Dans un pays où le taux du suicide infantile est très élevé, les autorités ont mis du temps pour lier ce pic à la Baleine bleue. Suite à des arrestations pour incitation au suicide, VKontakte dont les responsables clamaient leur innocence, a éliminé plusieurs pages marquées du hashtag "bleue", "je joue pour le jeu", "mer des baleines", bref tout ce qui s'apparente au grand mammifère cétacé.

Sans arrêter totalement le fléau sur la terre des Tsars et ailleurs où il a eu le temps de se propager, surtout en Pologne, en Roumanie, en Bulgarie, et Hongrie et même en France, une certaine accalmie a été observée.

Mais dès le milieu de 2016, la toile a été submergée de posts arborant les terribles hashtags publiés sur de faux comptes. La Baleine bleue reprenait de l'ampleur et les suicides remontaient en flèche. Le gravissime c'est que tout ce qui a été entrepris pour contrecarrer cette application a été vain. Internet, créé pour faciliter les choses, permettre des avancées technologiques et améliorer la qualité de la vie, devenait morbide et "out of control". Tout comme la maîtrise de l'atome a entraîné les bombes qui ont détruit Hiroshima et Nagasaki. Décidément, on plongeait en plein dans "L'étrange cas du Dr. Jekyll et Mr. Hyde" de Robert L. Stevenson. 

-Pourquoi cette volonté de nuire ? 

Effectivement, les organismes de contrôle et de protection informatiques peuvent fermer des sites ou des applications -ce qui prend beaucoup plus de temps-,dénicher des "malfaiteurs" du Web, mais il leur est impossible, en l'état actuel des choses, de bannir toutes les exactions aux desseins malveillants, malsains ou mortifères.

Tout au plus sont-ils capables de mettre en place, comme c'est le cas pour Facebook aux States, une intelligence virtuelle qui détecte les personnes en désarroi extrême et susceptibles d'attenter à leur vie, pour entrer en contact avec eux et leur offrir le concours de spécialistes. Mais ce ne sont là que des solutions préventives, palliatives, de sensibilisation, de conseil ou de soutien dont les effets ne peuvent être probants que lorsqu'il y a conscience de danger et volonté d'écoute et d'adhésion.

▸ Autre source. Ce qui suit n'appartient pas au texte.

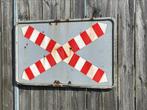 Antiek emaille bord spoorwegovergang, Trein, Gebruikt, Overige typen, Ophalen of Verzenden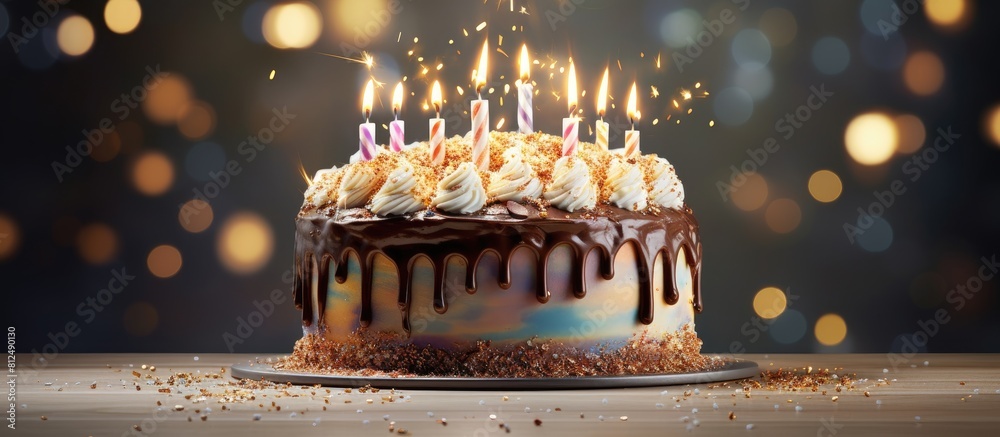 Poster a deliciously decorated cake with candles ready to celebrate a special occasion such as a birthday w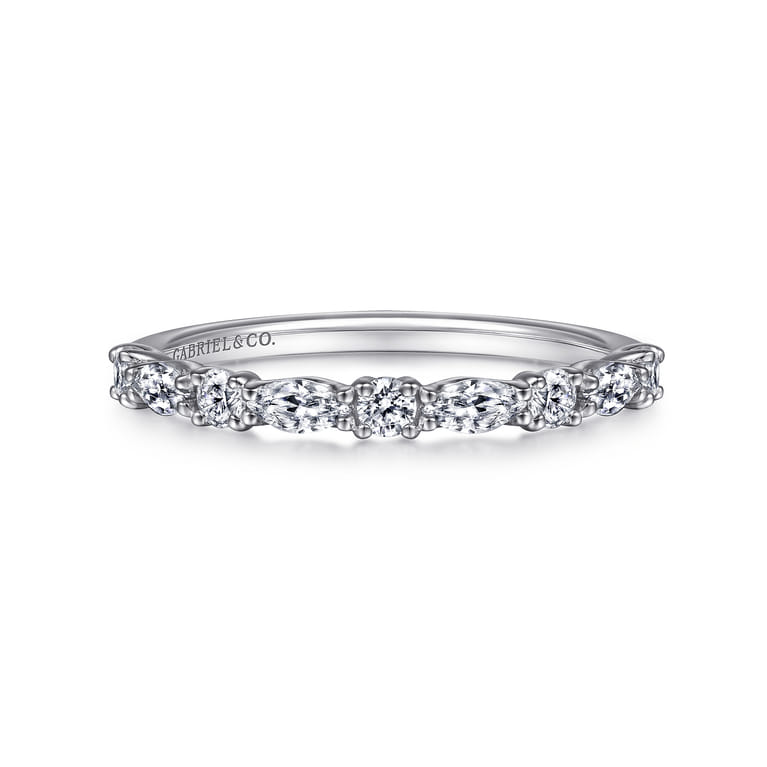 14K White Gold Diamond Matching Wedding Band - 0.5 ct - Shot 1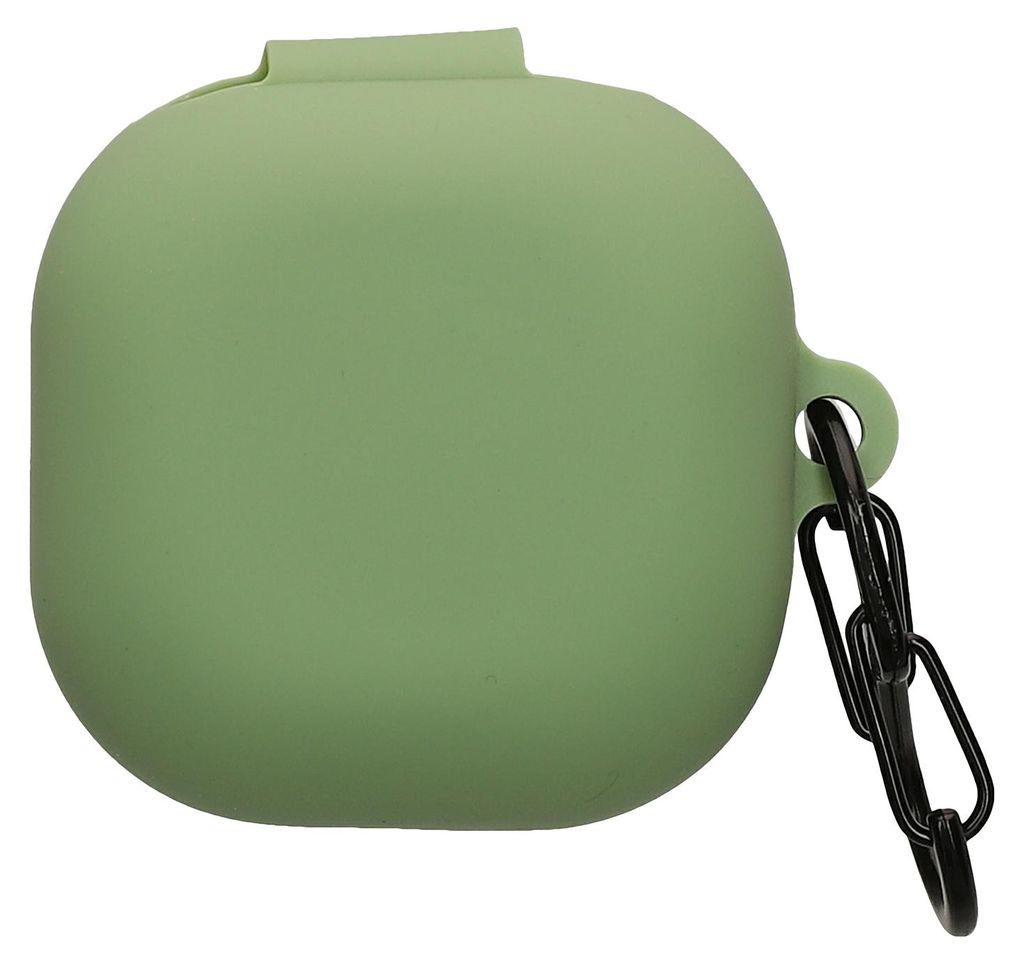 kwmobile Schutzhülle für Samsung Galaxy Buds FE Hülle - TPU Silikon Case für Kopfhörer Ladecase - stoßfestes Cover mit Karabiner - Pastellgrün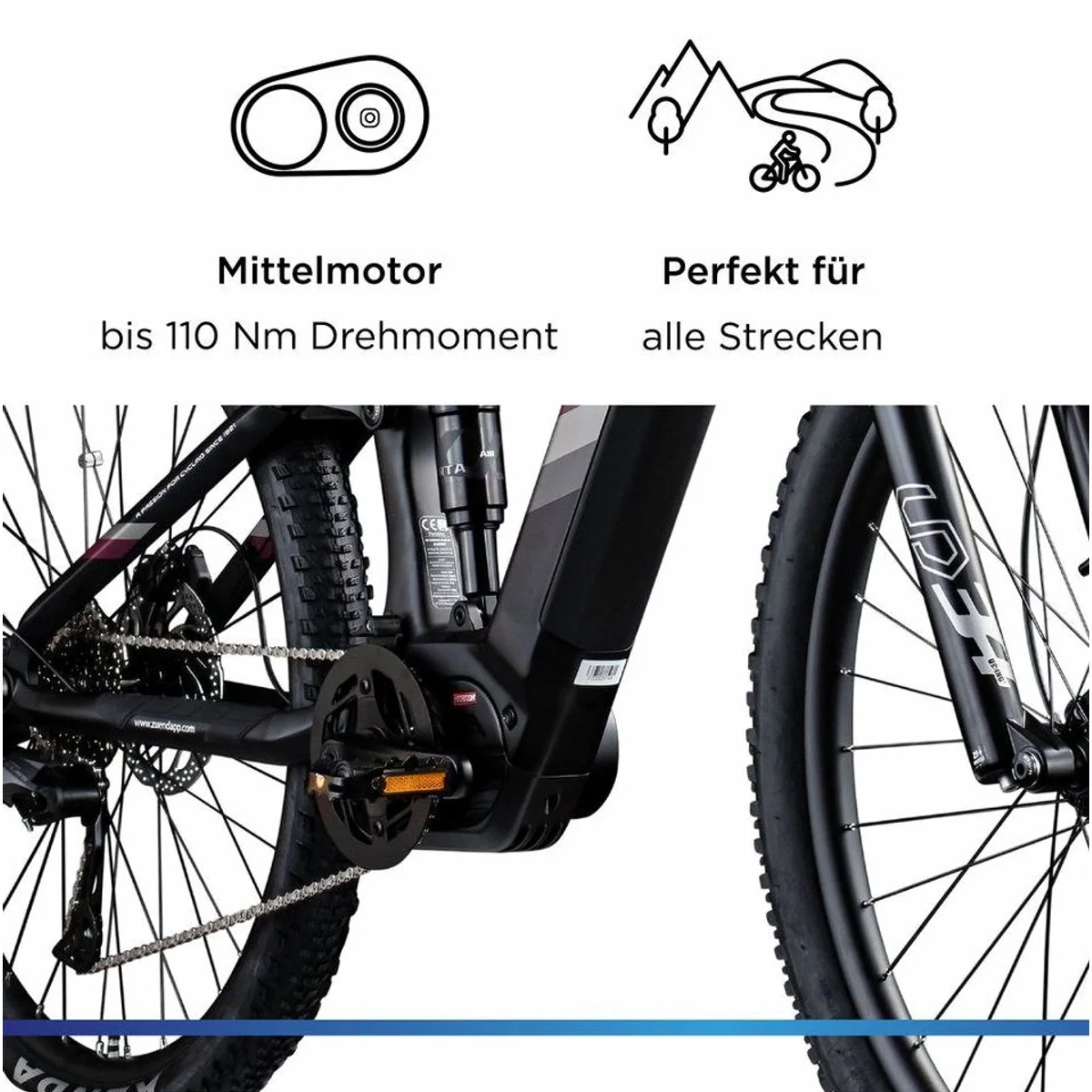 Zündapp E-Bike Mountainbike X1000, kraftvoller Mittelmotor, 733 Wh Akku, 10-Gang Shimano Schaltung 5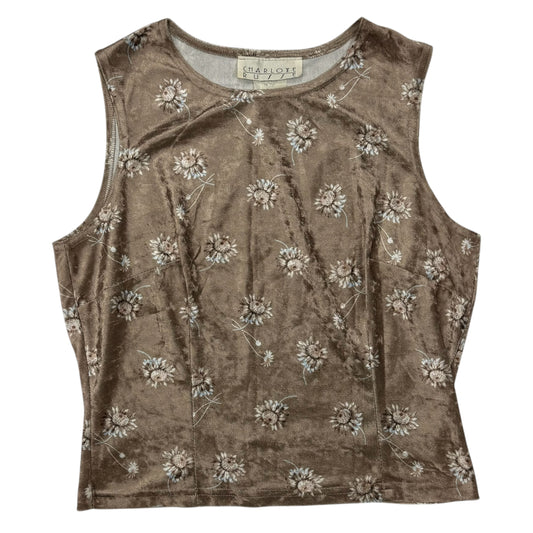 VINTAGE CHARLOTTE RUSSE BEIGE FLORAL VELVET TANK TOP - M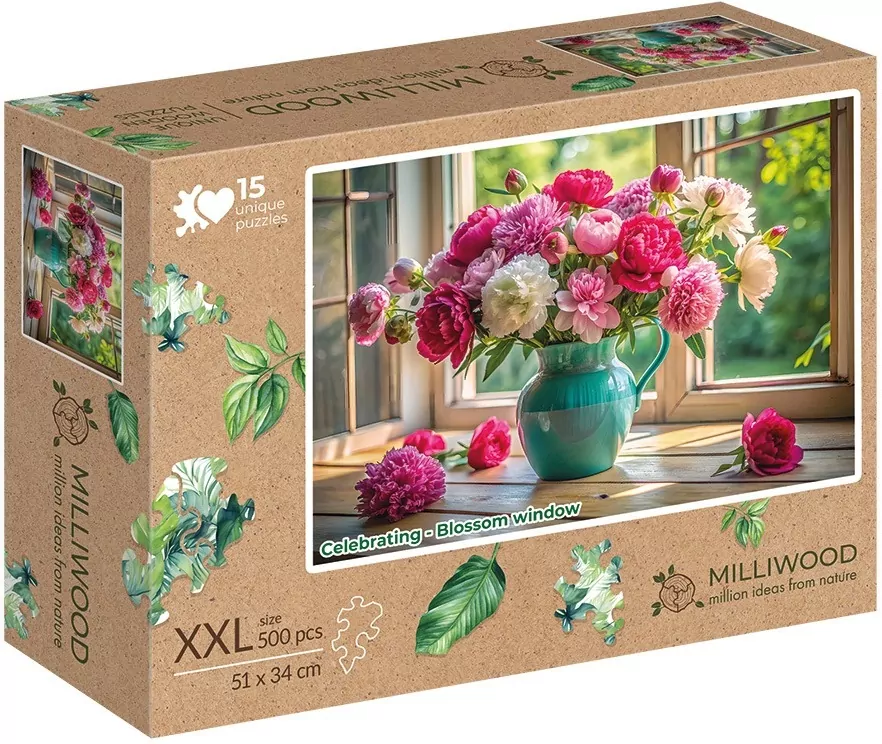 Puzzle drewniane 500. Kwitnące okno - tantis.pl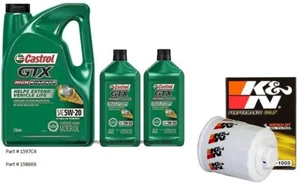Castrol GTX High Mileage 5W-20 Synthetic Blend Motor Oil:7 Qts. w/K&N Oil Filter - Picture 1 of 1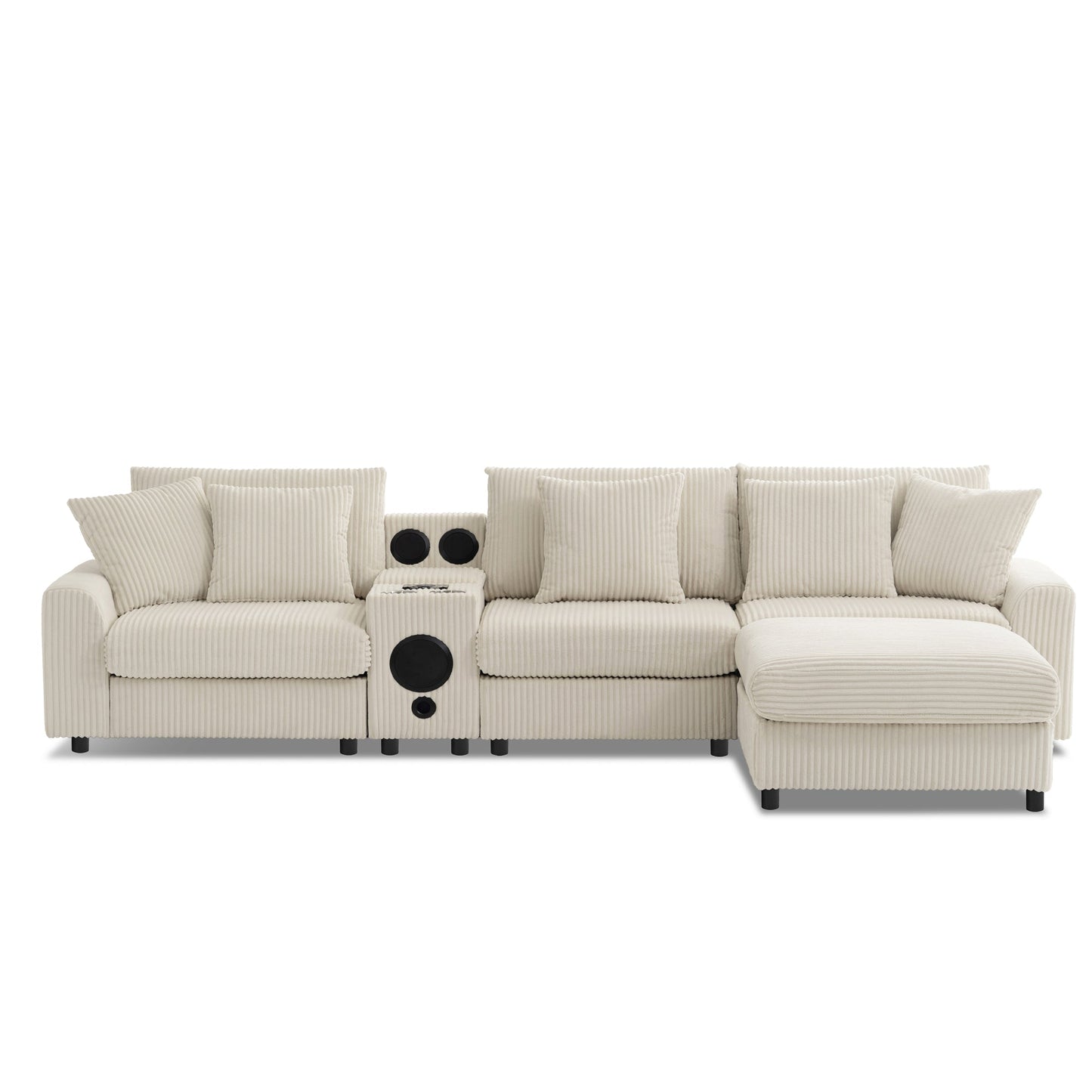 Roomfitters 112 Inch L-Shaped Modular Sectional Sofa with Bluetooth Speaker, Console and Cup Holders for Home, Cream Roomfitters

Or, quand il s'agit d'enfants et d'adolescents fragiles qui se sentent mal aimés ou incompris, mal dans leur peau, révoltés contre le monde cynique, selon eux, des adultes, décriant l'absurdité de la vie, le "soit-disant pragmatisme et l'autorité de leurs parents, il est clair qu'ils refuseront de prêter l'oreille et rendront nulles des initiatives de ce genre.

C'est pourquoi la majorité des psychologues s'accordent à dire que c'est d'abord aux parents d'apprendre à connaître leurs enfants, de savoir comment les approcher, les aborder, leur montrer qu'ils sont de leur côté et déceler à temps des comportements inhabituels, comme un excès d'esseulement, un état mélancolique répétitif... Ils doivent aussi les inciter à ne pas se contenter de l'ordinateur, de les habituer à la lecture par exemple et les diriger vers d'autres activités de groupes, aussi ludiques que distractives et sportives. 

La grande question reste toutefois la suivante : qui a créé ce "jeu" et dans quel but ? Pourquoi mener jusqu'à la mort des enfants innocents qui n'ont d'autre tort que celui de s'être trouvés dans un environnement familial et social défavorable ?


Il est clair que le fléau "la Baleine bleue" n'est pas l'oeuvre arbitraire d'un fou isolé. Il a été pensé élaboré et exécuté par des esprits érudits doublés de fins psychologues soutenus par des maîtres de l'informatique.

Or, qui peut réunir toutes ces "compétences", sinon un laboratoire ou un des services de sécurité secrète qui, comme l'a laissé entendre un expert russe en la matière, ont toujours mené des expériences dans le domaine de la manipulation des masses. Le fait que le mal se soit propagé à l'Est comme à l'Ouest, au Nord comme au Sud, serait, lui, fortuit et peut être non voulu. Ce qui nous ramène aux pesonnages de Stevenson Jekyll et Hyde.